The construction costs for a new school at Aillebrack were estimated to be £459, with a further £60 estimated for an enclosure. On 15 February 1881, the National Board sanctioned a grant of £306.10s towards the school building and a further £40 towards an enclosure; the local community would provide the remainder. The landlord, Charles J. Blake, signed a sixty-one-year lease on 19 May 1881 for the site. The new school (Roll 12103) was located where the present school now stands. It could accommodate 150 pupils and the first principal, Patrick J. Mulleague, was appointed on 1 April 1883. The Board granted Mulleague, classified as a 2nd Class teacher, a salary of £35 per annum, with results fees. Delia M. Lydon was appointed monitor. The Board granted free stock to the value of £5, on condition that a sale stock at a value of £1.10s should be purchased.
Although the average attendance figures for the latter half of 1883 were in the 80s, and reached 107 in September, an application for funding for an assistant teacher was refused in December 1883: One month later, the National Board accepted Kate Dogherty as an assistant teacher; however, she was dismissed on 30 September 1884 having failed her exams.
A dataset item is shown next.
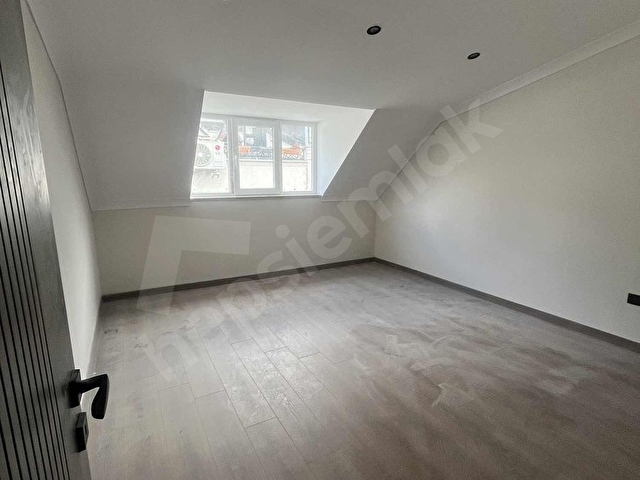 Bostancıda 3+2 Dubleks | 160 m² Net | Çift Girişli - Görsel 21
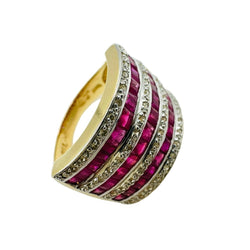 Bague en or jaune, rubis et diamants - Castafiore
The number of pupils on the rolls in February 1884 was 137 and there were seventy-one present when the district inspector, Edmond Downing, visited on 19 February 1884. In 1885 it seems the management wanted to extend the building, but the Board refused the request as the school was built to accommodate 150 students and the average daily attendance was well below that number.
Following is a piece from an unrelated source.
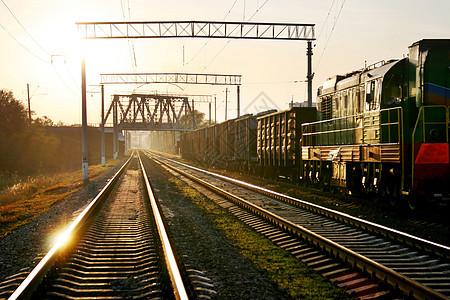 日落时的铁路黑色工业引擎水平旅行火车机车力量阳光太阳图片
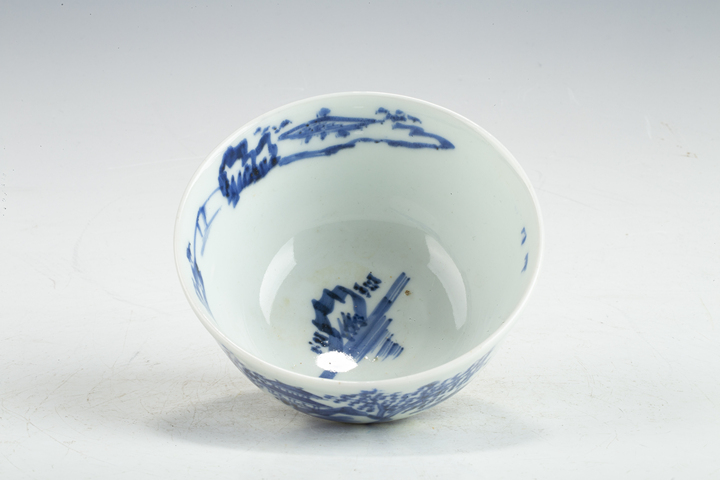 古玩陶瓷清晚·青花山水人物詩(shī)文蓋碗真品鑒賞圖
Children of Dunloughan NS, which closed in 1967, its pupils transferring to Aillebrack.
A member of the public, perhaps a parent, levied charges of ‘intemperance’ against Patrick Mulleague in 1887. On this occasion the charges were said to be ‘without foundation’. However, three years later, Mulleague’s imprudent behaviour would finally catch up with him. On 19 February 1890, Mulleague called on the district inspector at a neighbouring school and informed him that he had influenza and had closed his school. The inspector reported the incident to the National Board, stating that he ‘detected a strong odour of whiskey’ from Mulleague.
Later that year, 1890, a new principal, Patrick MacHale, was appointed. MacHale’s wife, Joanna MacHale, was employed as a work mistress at a salary of £12 per annum, with result fees for needlework. This position was subject to the number of female students attending the class being maintained at twenty or over and was suspended periodically when numbers dropped. The MacHales were the first to occupy the new teacher’s residence when it was built next to the school in 1898.
Primary Education in the Free State was the responsibility of the Department of Education, set up in June 1924. The Irish language was now included as one of the core subjects in the curriculum and grants were allocated for Irish courses for teachers to assist them in teaching the language. The records show that the school building was in need of repair in the early 1930s. The building was now fifty-years-old, the seating was said to be old and two teachers were working in the same room without a partition. A grant was sanctioned for improvements and steps were underway to extend the lease for a further fifty years. The Department of Education, however, seems to have reconsidered the decision to repair the school and instead suggested that it would be more economical for a new schoolhouse to be built.
Application forms for funding for a new school were issued to the manager on 24 November 1937. The records are silent on the progress regarding the erection of a new school. It seems likely that, as at Dunloughan School, funding for ongoing maintenance and promises of a new school in the future were all that was on offer. However, events would overtake procrastination when the school was burnt down on 3 December 1940. The destruction of the school was not considered an act of vandalism but was thought to have been accidental. The roll book for December was burned in the fire, but the new roll book, which is still in Aillebrack NS, states that the school was closed between the 7 and 14 January due to “Fáthanna eile”(Other reasons). At that time, the teachers in the school were Mrs. Alice Kennelly and Mrs. Annie Bartley and they speedily arranged that the children in the school would be transferred to Bunowen Castle after the school burned down. Robert Black, owner of the castle at the time, kindly agreed to the request. The children were taught in two rooms in the east wing of the castle, which they described as cold and draughty. Many of the children in the school today have grandparents who attended school in the castle, crossing the field barefoot to learn in the unique surroundings.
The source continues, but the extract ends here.